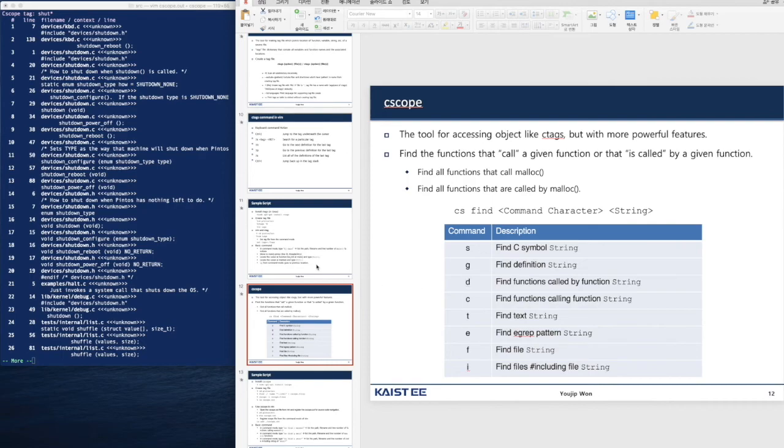So cscope is very powerful for kernel hackers to navigate through hundreds of files. Good luck!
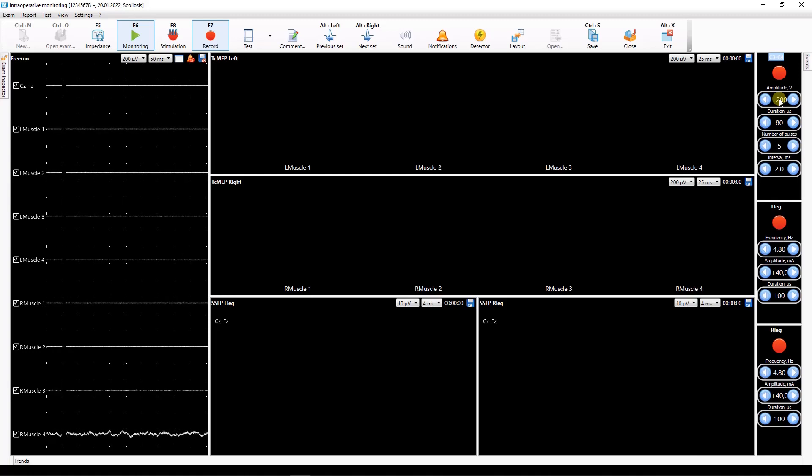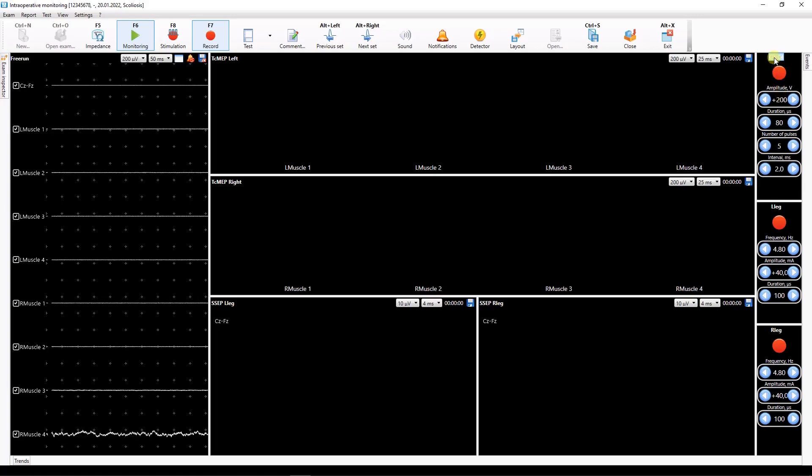To view and change all the possible parameters of the selected stimulator click on the line with its name.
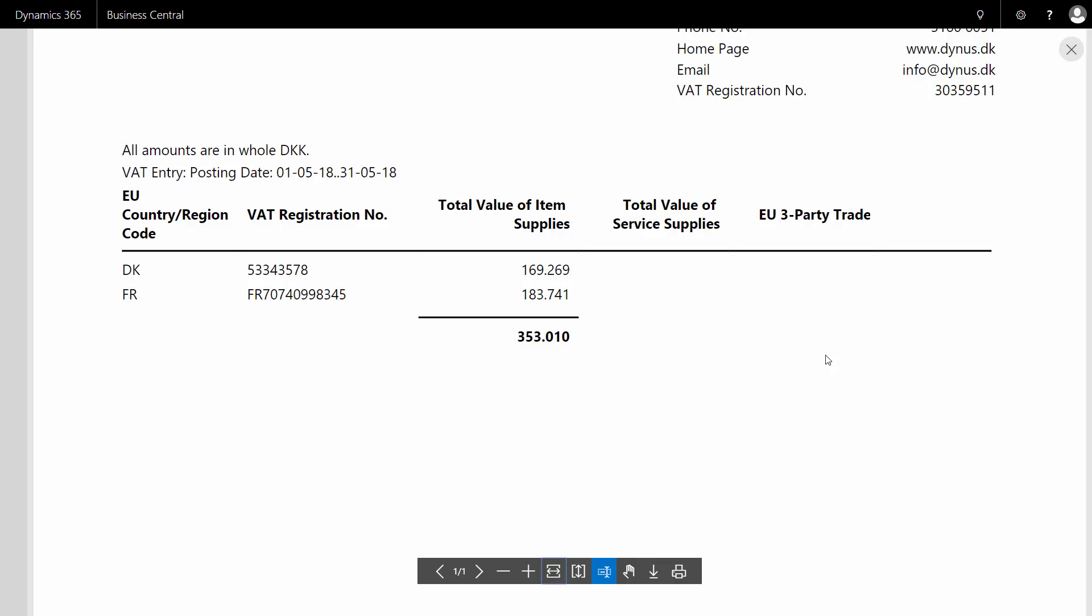If you sell to end customers, meaning there's no VAT, they won't have to be reported here. So it's only business to business companies you have to report.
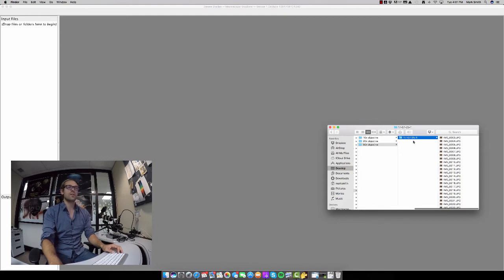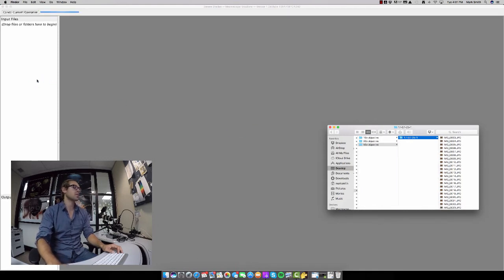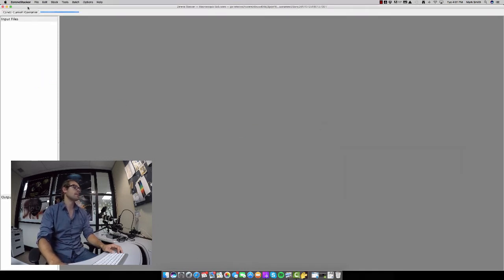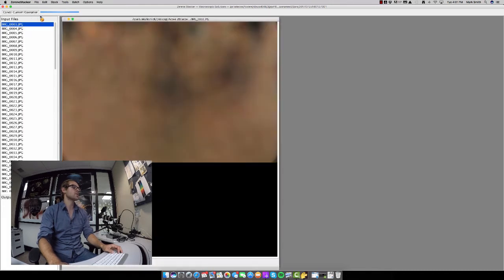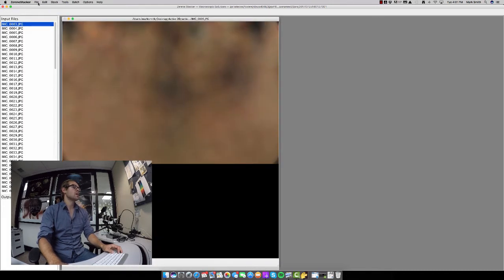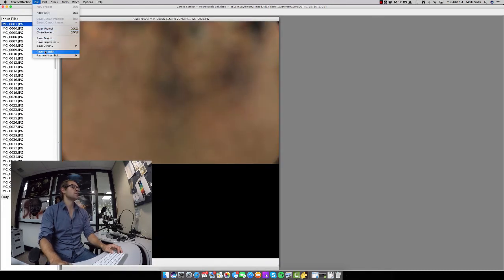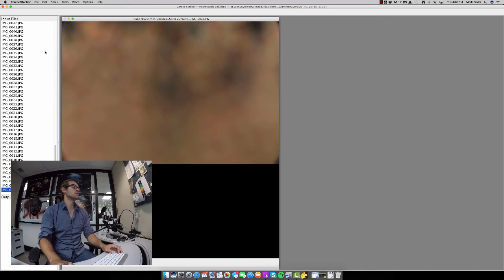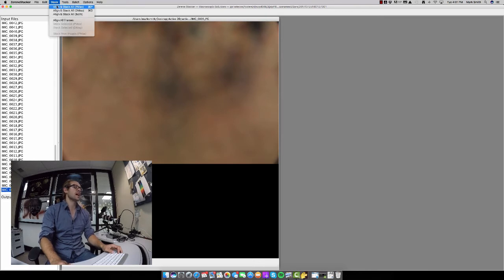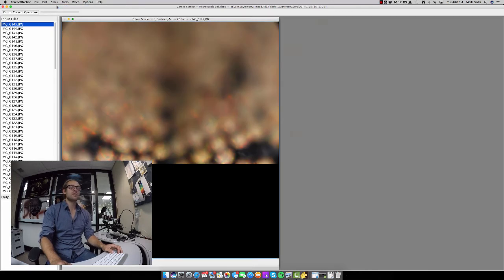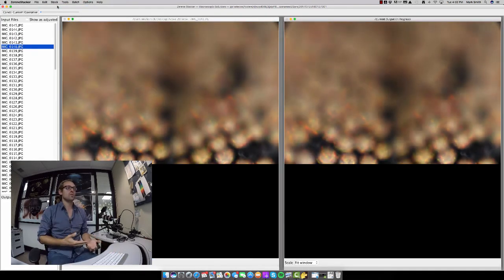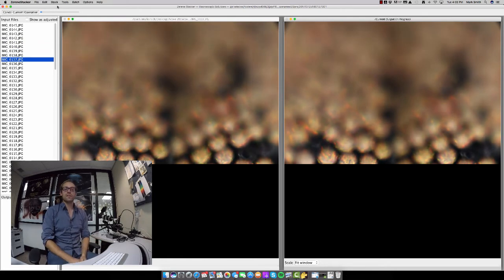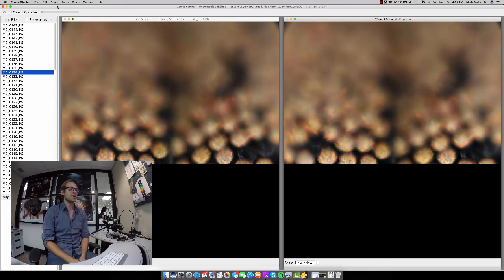We're going to take finder, take where we just captured our images, pull them into input files, and then we're going to go to file reverse order. And then we want to start to stack. This is pretty interesting.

⁂

Only the lines from the one containing "To view and" through the last line of the material are to be restated word for word; no picture is to be included.

To view and change all the possible parameters of the selected stimulator click on the line with its name.
If you sell to end customers, meaning there's no VAT, they won't have to be reported here. So it's only business to business companies you have to report.
We're going to take finder, take where we just captured our images, pull them into input files, and then we're going to go to file reverse order. And then we want to start to stack. This is pretty interesting.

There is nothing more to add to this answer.